(Input data)
┏━━

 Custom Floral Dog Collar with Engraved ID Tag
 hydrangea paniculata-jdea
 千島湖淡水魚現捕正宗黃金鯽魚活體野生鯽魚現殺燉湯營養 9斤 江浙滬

┗━━

The full listing, top to bottom: write it out again exactly.

(Task output)
 Custom Floral Dog Collar with Engraved ID Tag
 hydrangea paniculata-jdea
 千島湖淡水魚現捕正宗黃金鯽魚活體野生鯽魚現殺燉湯營養 9斤 江浙滬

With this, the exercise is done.